No consientas ser gobernado
Los que apoyan la democracia
tienden a combinar el tema del método de seleccionar a los gobernantes con la
cuestión preliminar de si el poder político es legítimo en primer lugar. Por
tanto hace falta que se entienda claramente que la objeción al gobierno
democrático no significa que uno
prefiera la dictadura: significa que uno no consiente que otros inicien fuerza
contra él, independientemente del método de selección de aquéllos con el poder
de hacer esto. De hecho, uno puede muy correctamente preferir la democracia a
la dictadura aunque considere que ambos
sistemas sean inferiores a una sociedad sin gobernantes políticos.
Si te inclinas a creer que la
democracia funcionará justamente cuando se elija a “la gente correcta”, ten en
cuenta que cada partido político se elige precisamente porque sus candidatos se
consideran como las mejores personas disponibles por la mayoría ene se momento.
Mira a tu alrededor a la gente que es elegida y fíjate en las acciones de esta gente.

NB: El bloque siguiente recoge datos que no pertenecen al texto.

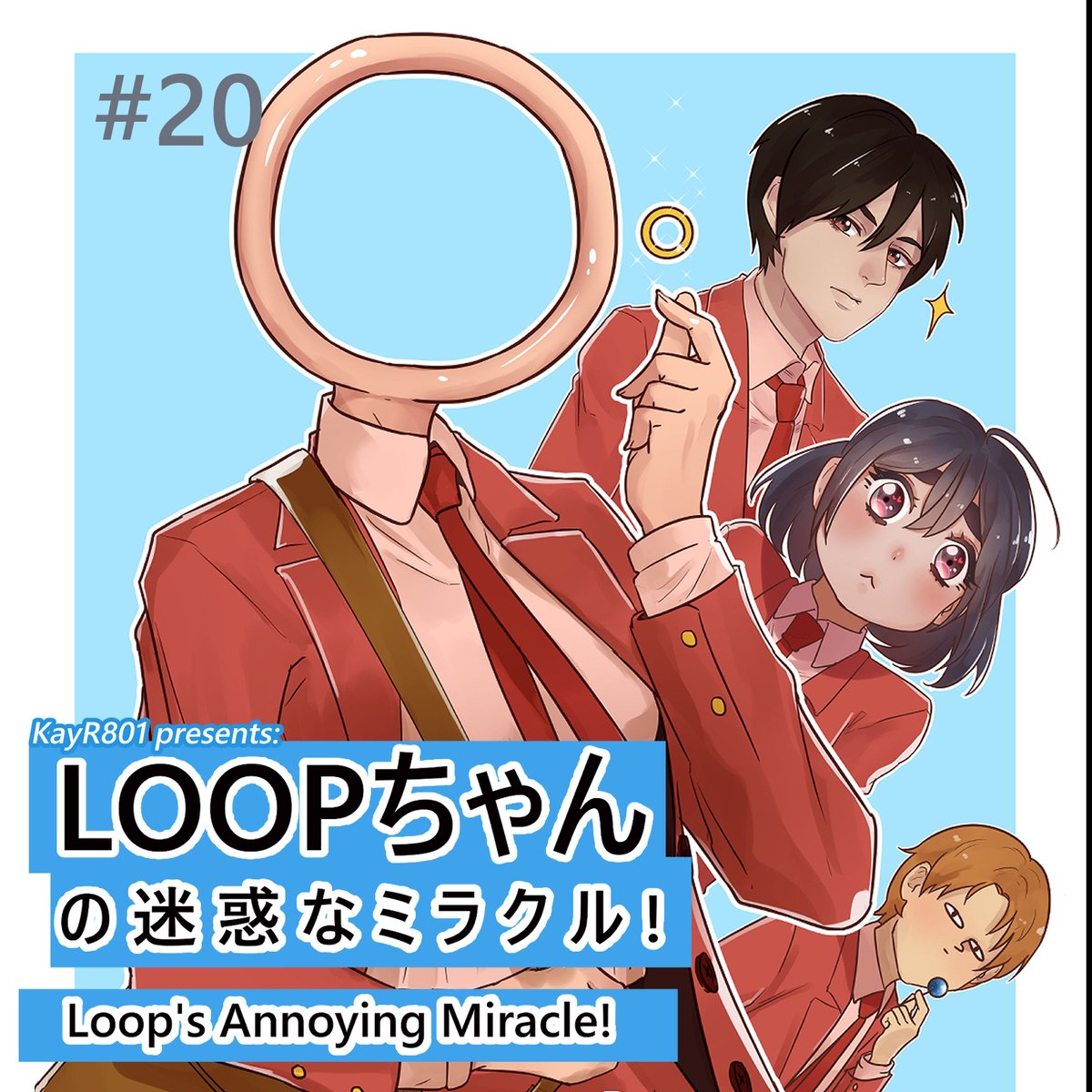 The last episode of LOOP's Annoying Miracle is up^^
Thank you for those who purchased the physical copy and/ reading it online <3 

https://t.co/Xbr6ezSvXT 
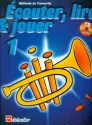 couter, lire, jouer vol.1 (+CD) pour trompette (frz)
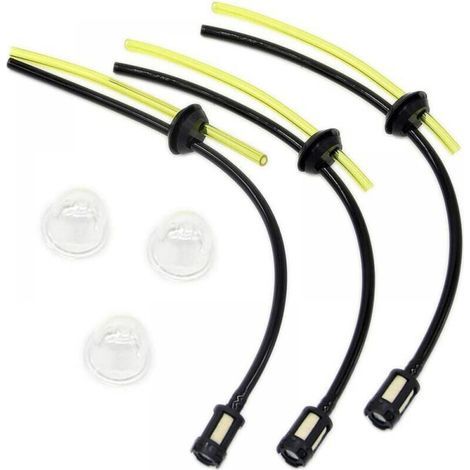 6-teiliges Universal-kraftstofffilter-set, Kraftstoffschlauchverbindung Für Freischneider, Freischneider, Heckenschere, Gartenschere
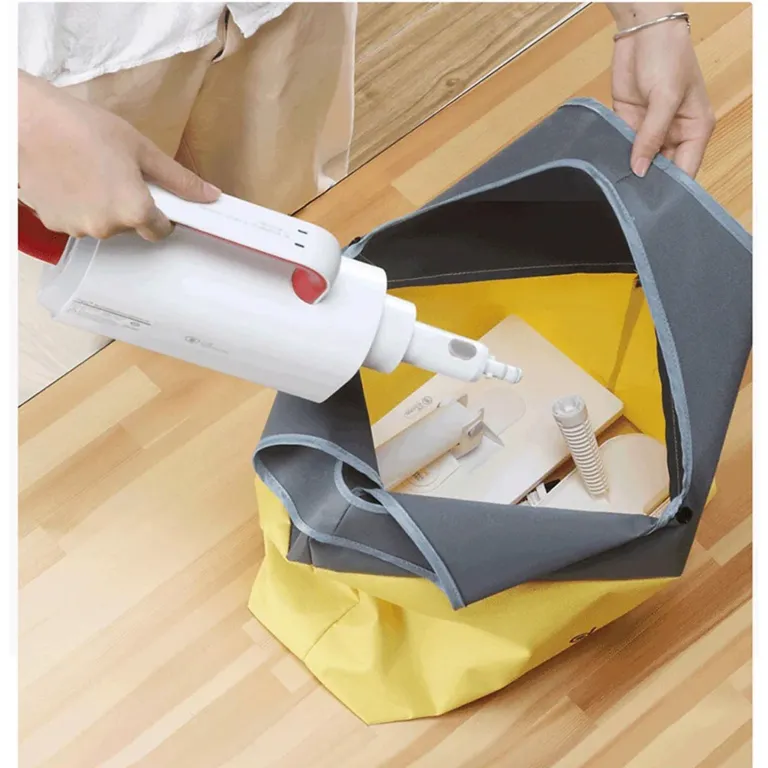 Máy vệ sinh hơi nước cầm tay Deerma ZQ600 | AKIA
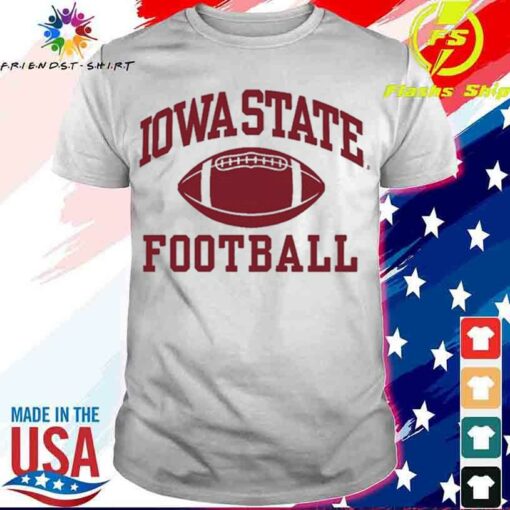 iowa state football t shirts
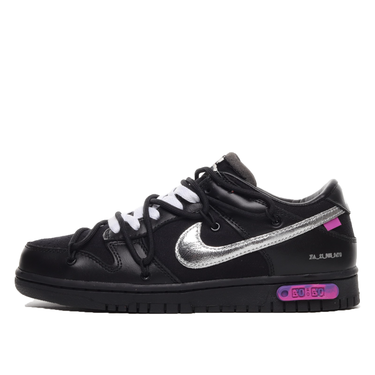 Tenisky a topánky Nike Off-White x Dunk Low "Lot 50 of 50" Čierna | DM1602-001, 1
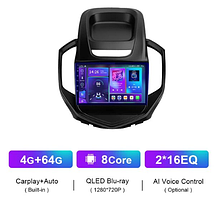 Junsun 4G Android магнітола для Geely GC6 1 2014-2019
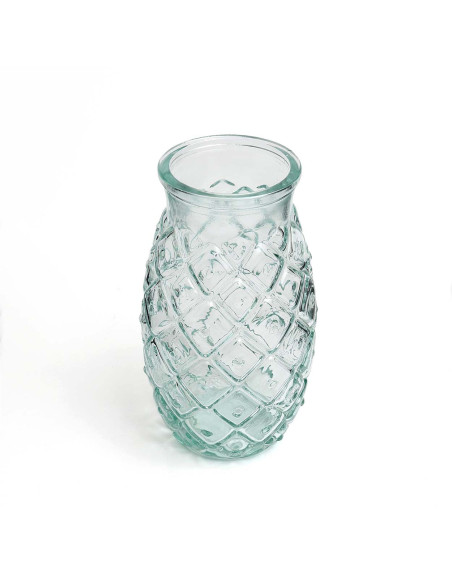 Le verre à ananas - Bleu - LBazar Bizar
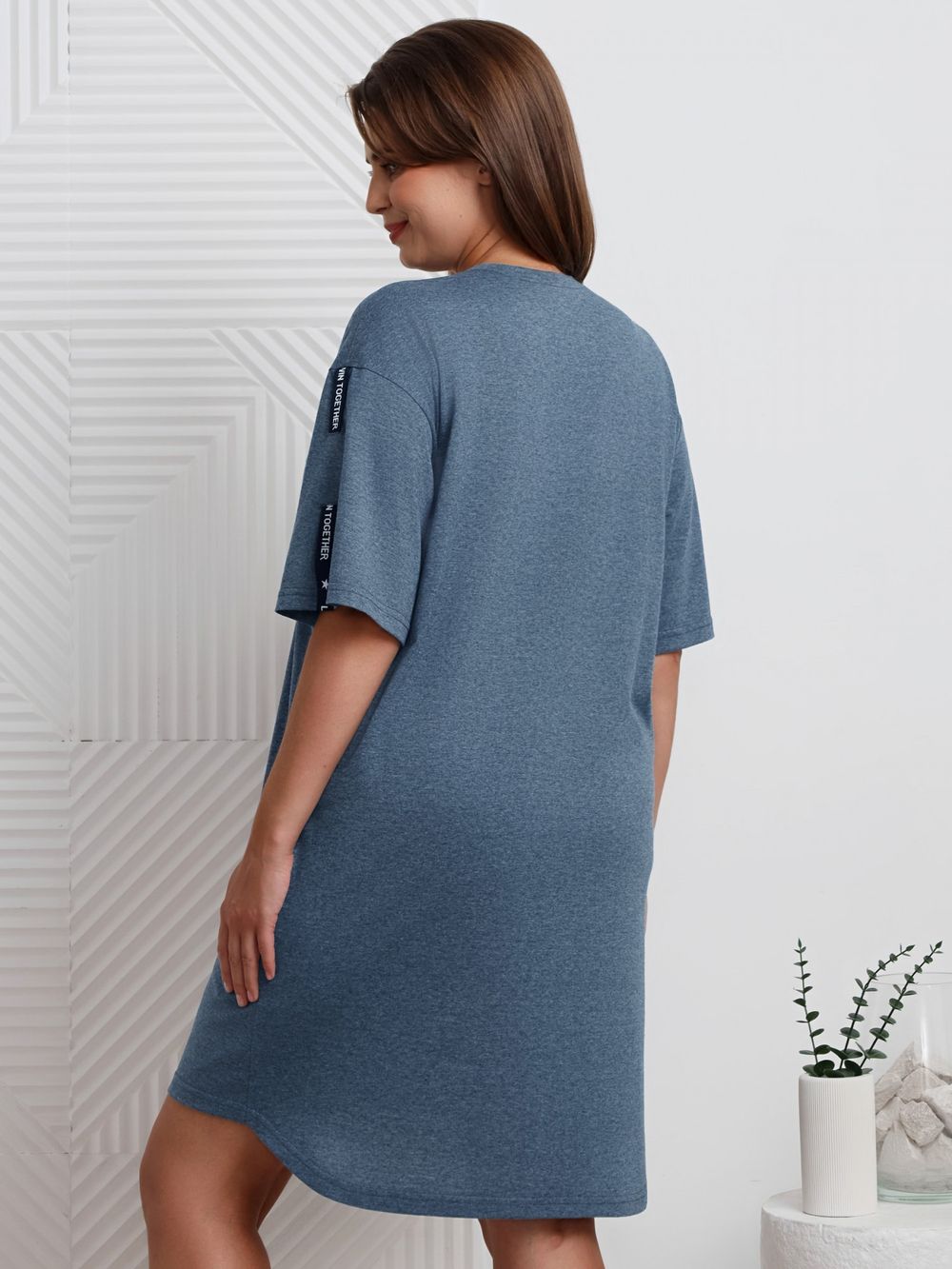 Туника Всплеск-2 Виотекс СИНИЙ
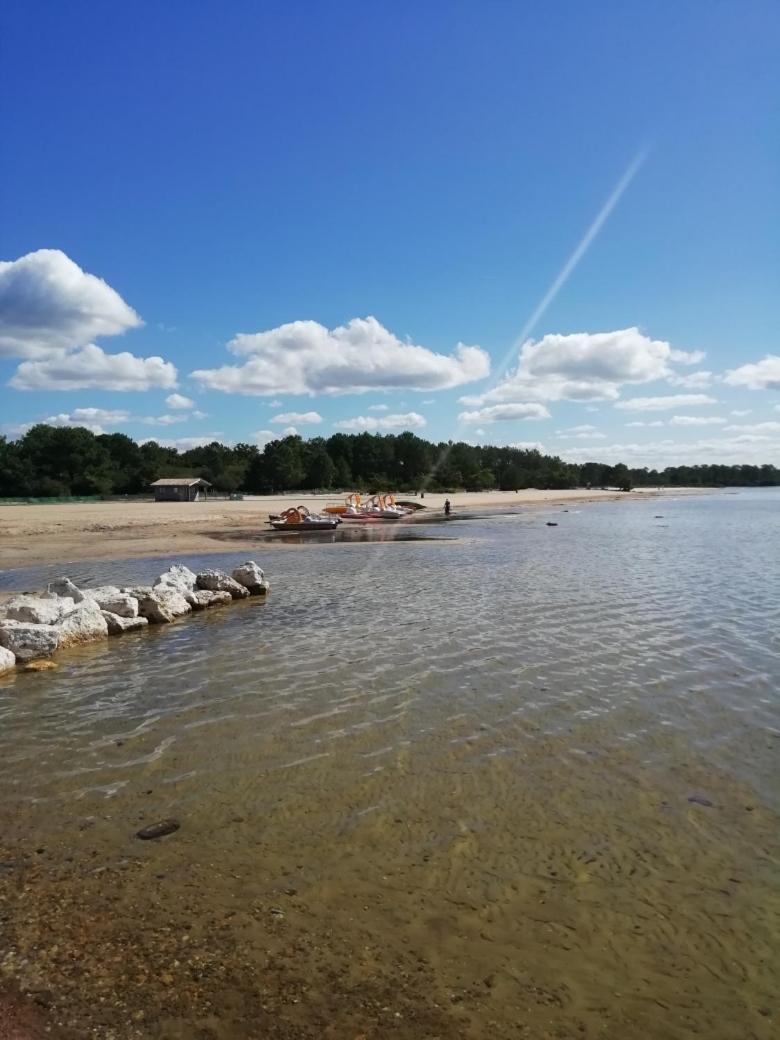 Charmante Maison Neuve Au Lac D'Hourtin Buitenkant foto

Ésta es tu democracia y la
destrucción y dominación que se produzcan bajo su aprobación son las
consecuencias naturales de la opinión que desea que la masa supere los derechos
del individuo.
Cuando hablaba sobre este asunto
con mis anfitriones tomando unas copas, llevaba alguna cerveza de más como para
hacer una defensa correcta. Pero si hubiera reunido la presencia de ánimo para
hacerlo, les hubiera dicho que en lugar de preocuparse con cómo deberían
elegirse sus gobernantes, tenían otra alternativa disponible: ¡rechazar por
completo la idea de que necesitamos gobernantes!
La mayoría de la gente no dedica
sus noches de los viernes a esnifar cocaína. Pero prácticamente todas las
personas adultas infringen las ubicuas regulaciones del gobierno democrático muchas
veces en su vida. E independientemente de sus acciones, todos los que viven en
una democracia ilimitada son tratados como propiedad del gobierno, con derechos
que son prescindibles a capricho de la masa. Bajo la democracia, todos están
sujetos al gobierno de cualquier grupo que pueda ser un gran número de gente y
convertirse en capaz de conseguir el poder político.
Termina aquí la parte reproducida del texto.